Наиболее целесообразно в качестве аутологичных или неаутологичных тканей человека, применяемых для получения культур МСК или их дифференцированных потомков, использовать костный мозг, хотя можно использовать и жировую ткань, в которой также содержатся МСК. Некоторым недостатком жировой ткани для получения культур МСК является относительная трудность разделения этой ткани для получения клеточной суспензии, которая высаживается в культуру, а также большая склонность полученных таким образом культур к дифференцировке в костную ткань.

Введение метапрогерола наиболее целесообразно осуществлять через 15-60 минут после введения культур мезенхимальных стволовых клеток, так как в этом случае трансплантированные клетки практически к моменту завершения процесса "хоминга" (поступление в ткани, где они выполняют репаративные функции) попадают в условия "активированного микроокружения" и могут участвовать в процессах пролиферации и дифференцировки.

Как показывает практика, для того чтобы обеспечить достаточно высокий лечебный эффект, можно ограничиться и одной инъекцией метапрогерола или его аналогов, но наиболее целесообразно осуществить не менее трех инъекций (или орошений) с интервалом 48 часов.
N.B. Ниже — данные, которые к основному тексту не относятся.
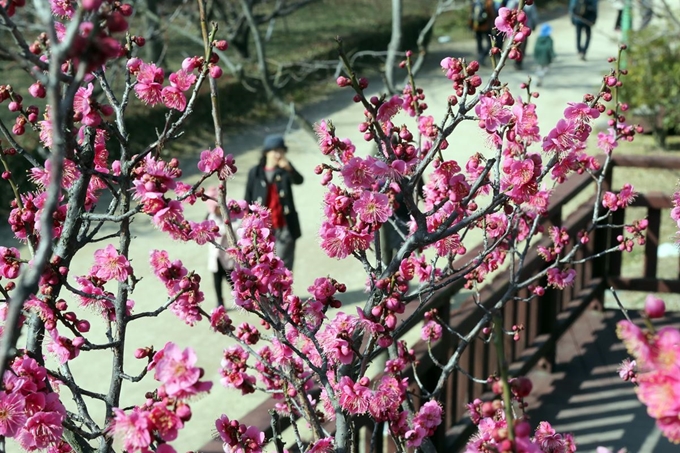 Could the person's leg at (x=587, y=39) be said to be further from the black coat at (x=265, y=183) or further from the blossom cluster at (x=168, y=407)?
the blossom cluster at (x=168, y=407)

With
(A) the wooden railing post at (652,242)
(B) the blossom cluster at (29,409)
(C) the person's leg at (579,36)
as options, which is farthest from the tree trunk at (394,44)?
(C) the person's leg at (579,36)

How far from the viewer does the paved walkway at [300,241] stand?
6102 mm

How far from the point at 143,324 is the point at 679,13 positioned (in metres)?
9.34

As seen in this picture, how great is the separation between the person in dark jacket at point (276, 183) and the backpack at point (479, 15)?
11.6 m

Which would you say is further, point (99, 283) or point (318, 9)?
point (318, 9)

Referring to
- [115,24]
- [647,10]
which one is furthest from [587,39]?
[115,24]

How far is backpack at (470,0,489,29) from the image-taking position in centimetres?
1772

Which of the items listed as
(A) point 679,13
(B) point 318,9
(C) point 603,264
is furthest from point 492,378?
(B) point 318,9

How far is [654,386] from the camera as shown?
4.23ft

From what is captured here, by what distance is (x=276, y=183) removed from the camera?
7.05 m

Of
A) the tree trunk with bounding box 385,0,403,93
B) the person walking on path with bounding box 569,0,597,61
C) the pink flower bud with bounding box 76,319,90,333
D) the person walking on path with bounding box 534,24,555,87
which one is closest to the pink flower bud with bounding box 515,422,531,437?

Если интервал между инъекциями будет менее или более 48 часов, то из-за особенностей фармакокинетики препарата и обмена производимых им цитокинов и ростовых факторов стимулирующий эффект препарата на трансплантированные или резидентные МСК будет слабее выражен, чем при введении препарата через каждые 48 часов.

Разовая доза метапрогерола или его аналогов для "среднего" человека (массой 70 кг, что соответствует разовой дозе, составляющей примерно 0,7 мг/кг массы пациента) должна содержать не менее 50 мг активного вещества. Если количество активного вещества будет менее 50 мг, то это снижает эффективность лечения, хотя установлено, что ускорение процесса выздоровления имеет место при использовании стабильных культур МСК аутологичных или неаутологичных тканей человека или их дифференцированного потомства даже при использовании минимальных доз метапрогерола или его аналогов (на порядок ниже рекомендованных в качестве оптимальных) по сравнению с использованием только одних стволовых клеток.

Сущность заявляемого способа лечения заболеваний различной этиологии и травм различных органов поясняется примерами его реализации.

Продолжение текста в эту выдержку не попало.